## TASK
From the records below, transcribe only the lines running from the one with "Small rustic children's" through the one with "Closet austral 3p (1c) duna/blanco 180x9". Keep both of those end lines.

## EXERCISE DATA
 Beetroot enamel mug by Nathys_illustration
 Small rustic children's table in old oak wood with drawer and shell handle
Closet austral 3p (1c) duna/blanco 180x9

...

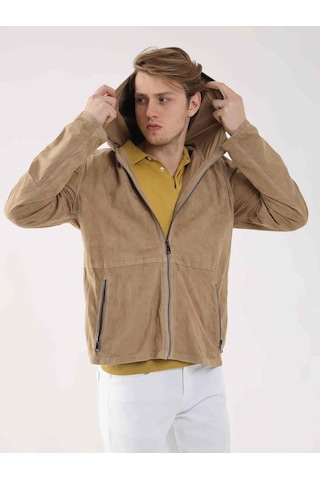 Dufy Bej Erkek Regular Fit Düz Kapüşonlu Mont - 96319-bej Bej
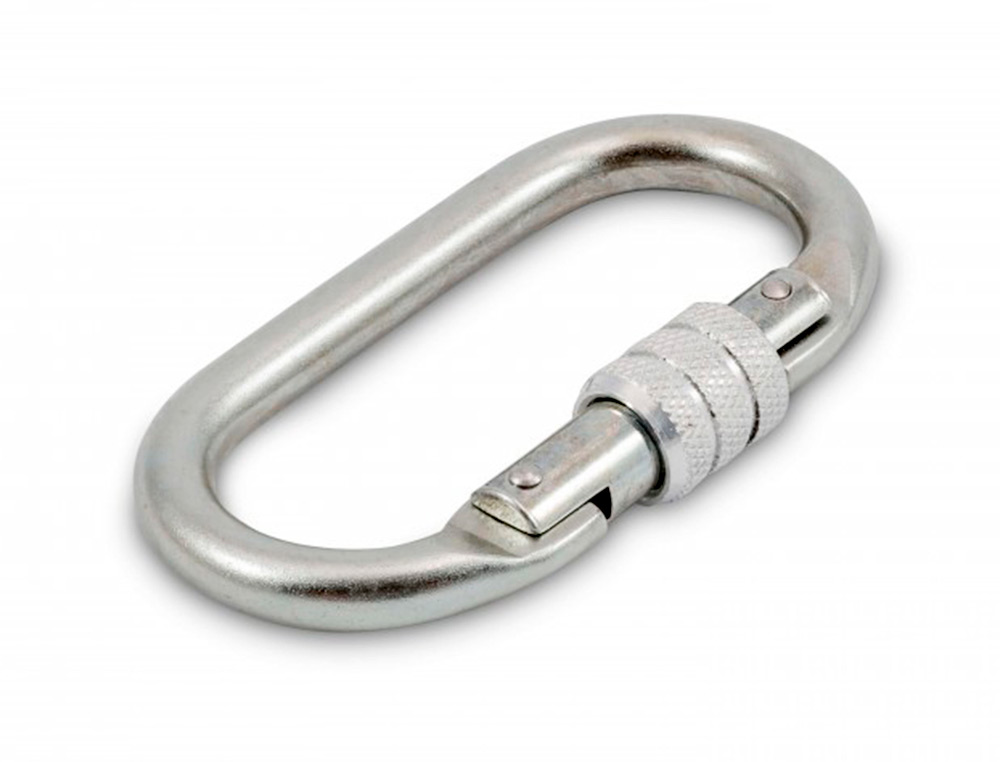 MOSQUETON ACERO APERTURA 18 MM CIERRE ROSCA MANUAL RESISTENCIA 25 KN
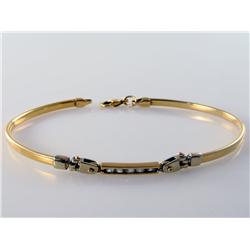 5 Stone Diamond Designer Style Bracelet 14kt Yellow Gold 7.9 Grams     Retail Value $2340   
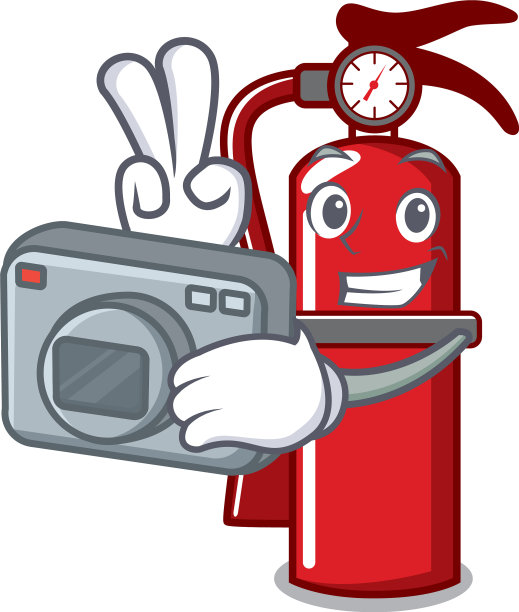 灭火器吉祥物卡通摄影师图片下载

--

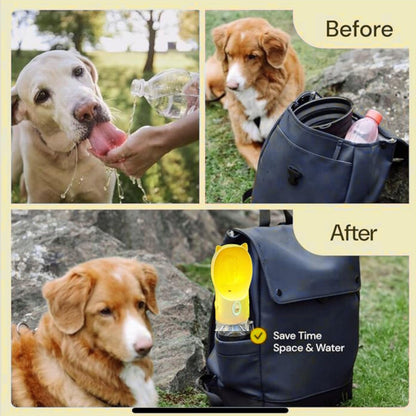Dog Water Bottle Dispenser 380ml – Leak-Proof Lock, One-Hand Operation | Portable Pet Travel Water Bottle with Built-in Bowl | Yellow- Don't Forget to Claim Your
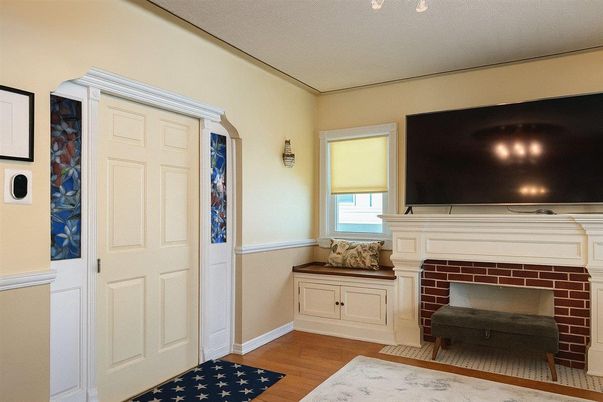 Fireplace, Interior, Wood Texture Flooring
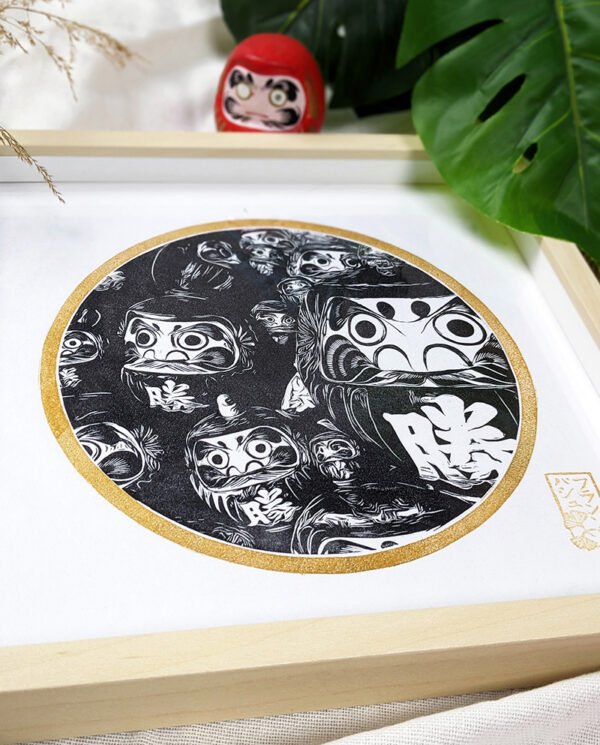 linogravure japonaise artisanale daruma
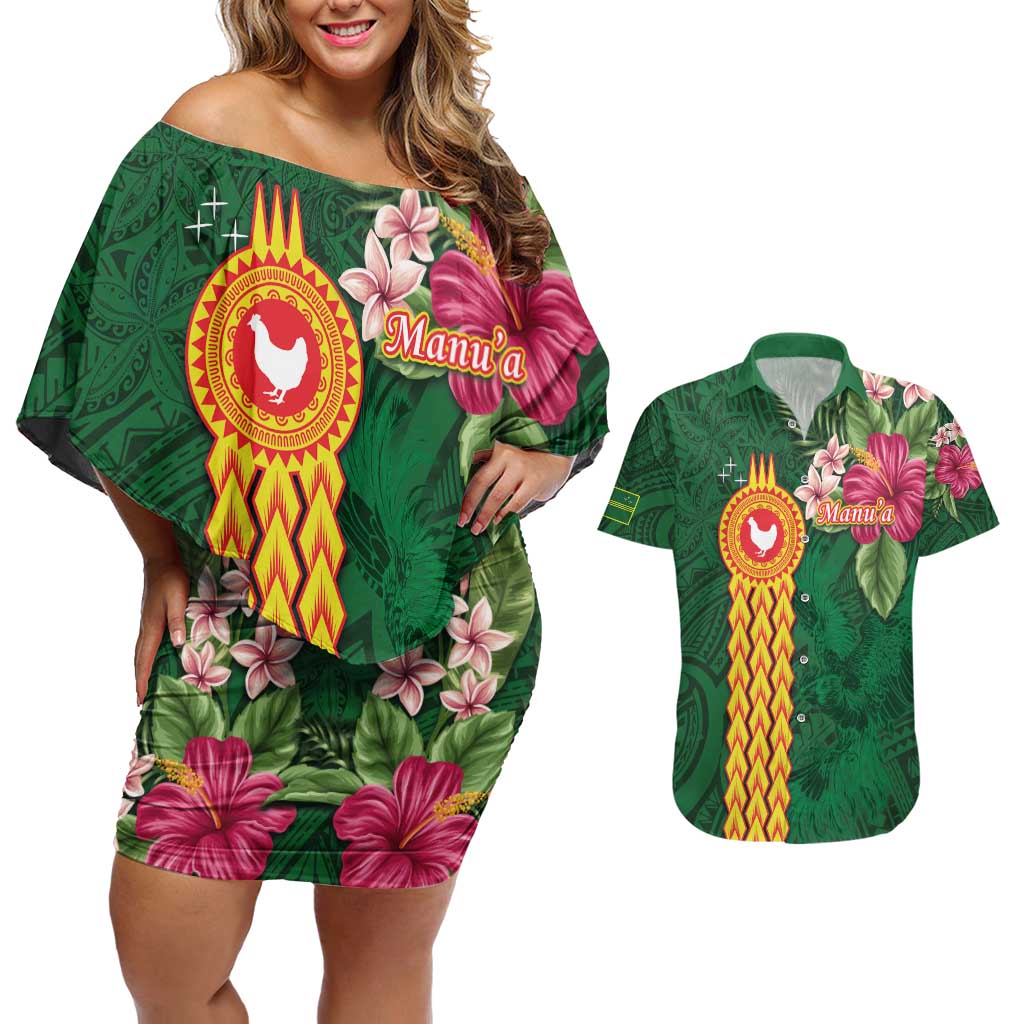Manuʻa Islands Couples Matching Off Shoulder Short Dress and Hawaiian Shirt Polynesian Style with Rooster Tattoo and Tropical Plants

## ANSWER SPACE
 Small rustic children's table in old oak wood with drawer and shell handle
Closet austral 3p (1c) duna/blanco 180x9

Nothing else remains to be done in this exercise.